欧阳修曾在《新五代史》卷四十六杂传第三十四中,记载了后晋官员赵在礼 “历镇泰宁、匡国、天平、忠武、武宁、归德、晋昌,所至邸店罗列,积赀巨万”的恶举。
赵在礼出身行伍,却擅长敛财。他曾任职宋州节度使,经常强行搜刮民脂民膏。当地百姓对他积怨甚重,得知他被调离,人人喜不自禁,谓曰:“眼中拔钉,岂不乐哉!”谁料此事被赵在礼知晓,他没有丝毫悔过之情,还上书要求朝廷让自己继续留任宋州一年。为了报复百姓,公然征收每户“拔钉钱”一千文,如不缴纳,便要鞭打,仅仅一年时间,赵在礼就征收了钱财上百万。
恶有恶报。公元947年,契丹攻入汴州,后晋灭亡,赵在礼从藩镇奔赴京城。当时契丹首领、奚王拽剌等正在洛阳,赵在礼前去致敬,而契丹首领索取货物财宝之后,还让手下士兵羞辱他。赵在礼感到非常愤恨,走到郑州,在旅舍休息时,听说同州节度使刘继勋被契丹拘捕,震惊之余也害怕自己也被契丹人拘捕,便用衣带系在马棚栏杆上上吊自杀而死,时年六十六岁。
唐朝时期,竹子、茶叶也是国家十分重要的征税对象。
唐时期以来,人们的生产生活、吃穿药用、传统手工业材料来源等,都与竹子息息相关,竹产业日益发展壮大带来了经济效益。

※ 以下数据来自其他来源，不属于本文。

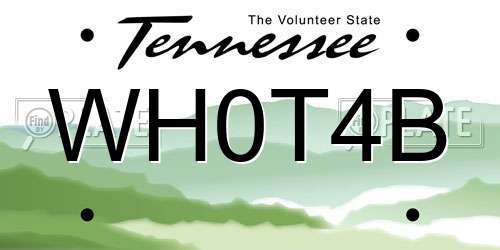 WH0T4B Tennessee License Plate
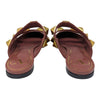 Valentino Garavani Roman stud flat mule in brown, size 38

唐代文学家李阳冰在《对元日悬象税千亩竹判》中就有过记载,说种竹千亩,富裕程度可堪比封君。由此可知竹产业发达背后,获资颇丰。
据《新唐书》记载:唐德宗时,他听从采纳当时户部侍郎赵赞提议,在各地商路要津对全国的茶叶、漆器和竹木征税,抽收过往商货十分之一,以做正常运转常平法(唐代用来调节粮价的经济手段)所用的资金。这项税目一直到他出逃奉天,才大赦发诏停征。
饮茶是件雅事,但茶叶也会被收税。唐贞元八年(792年),百姓因水灾减税,但第二年,茶叶诸道盐铁使张滂便向皇帝奏请:要在产茶州县的茶山和商人往来的重要路口,将茶叶依照等级定价,并按其价值的十分之一收税。这时期光茶税每年便可收入四十萬缗。《新唐书.食货四》中说道:唐武宗即位,大中初年,盐铁转运使裴休又定新规,秘密贩卖茶叶依法论罪,全国茶税收入比贞元时期增加一倍。江淮茶用大模所制,每斤可达五十两。诸道盐铁使于悰规定每斤茶加税五钱,叫做“剩茶钱”。
在竹子和茶叶上征收税款,还只是对物品征收,对于古代王朝而言,向平民征税也是重要的税款来源。现代社会,单身现象十分普遍,若是将时间前推两千年,来到汉朝,单身可就不容易了。
西汉初年,由于秦末连年征战,全国人口迅速减少,为了鼓励大家多生孩子,提供更多的劳动力,朝廷出台了一系列针对适龄未婚男女的征税政策。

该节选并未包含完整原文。